A little over a week ago in the southern Italian town of Rosarno, Maria Concetta Cacciola, a 31-year-old mother of three, poured hydrochloric acid down her throat and died.
Cacciola was a police informant, a strong and courageous woman who took on the world’s most powerful Mafia, the ‘Ndrangheta, and serious questions remain about her death and whether it could have been prevented.
The ‘Ndrangheta from Calabria is characterised by secretive blood ties and a vast global network, which has an annual turnover of more than $A70 billion.
Cacciola is the third Italian woman with intimate knowledge of the ‘Ndrangheta’s internal operations to have died in tragic circumstances in the past two years and their deaths send a chilling message to any man — or woman — who dares to share what they know.

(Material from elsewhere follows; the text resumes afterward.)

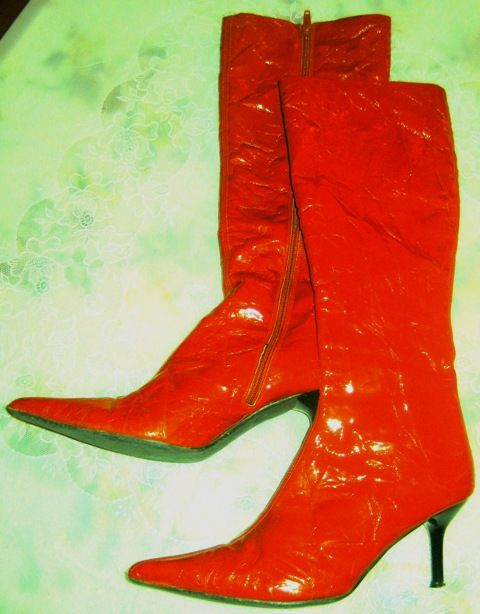 Botas altas charol rojo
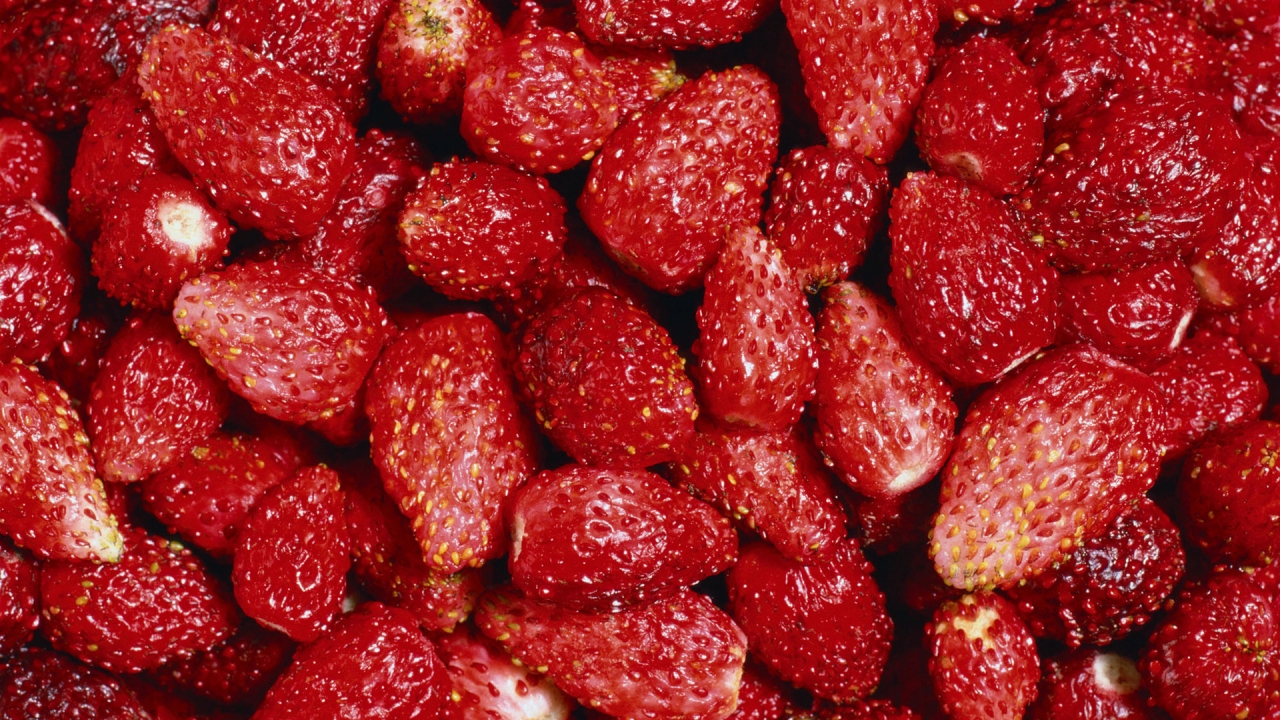 Tasty Strawberry for 1280 x 720 HDTV 720p resolution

Rosarno is a close-knit rural community of about 15,000 people that made international headlines in January last year when racial violence exploded between locals and African immigrants, who complained about their abysmal working conditions.
It is one of many towns on the southern tip of the Italian mainland dominated by Mafia clans, and family connections run deep.
Cacciola’s father, Michele, is the brother-in-law of Gregorio Bellocco, boss of Rosarno’s powerful Bellocco clan whose illicit activities range from major drug trafficking to extortion.
Her husband, Salvatore Figliuzzi, is serving eight years in prison for Mafia association.
In May this year, Cacciola presented herself to local police not because she was suspected of any crimes herself, but because she wanted a different life for herself and her kids.
“I can’t take living in this hell any more,” she apparently told police. “I want to tell you everything and change my life.”
Cacciola began sharing details about the clan’s activities with police and anti-Mafia prosecutors in the city of Reggio Calabria that helped investigators uncover two secret underground bunkers used by fugitives to evade capture. Cacciola’s evidence was considered so important she was placed under witness protection and moved away from her home to a secret location. She told police she feared for her life.
But on August 10, Cacciola made a snap decision and suddenly emerged from protection and returned to Rosarno to see her children who had been waiting to join her. Ten days later she was dead.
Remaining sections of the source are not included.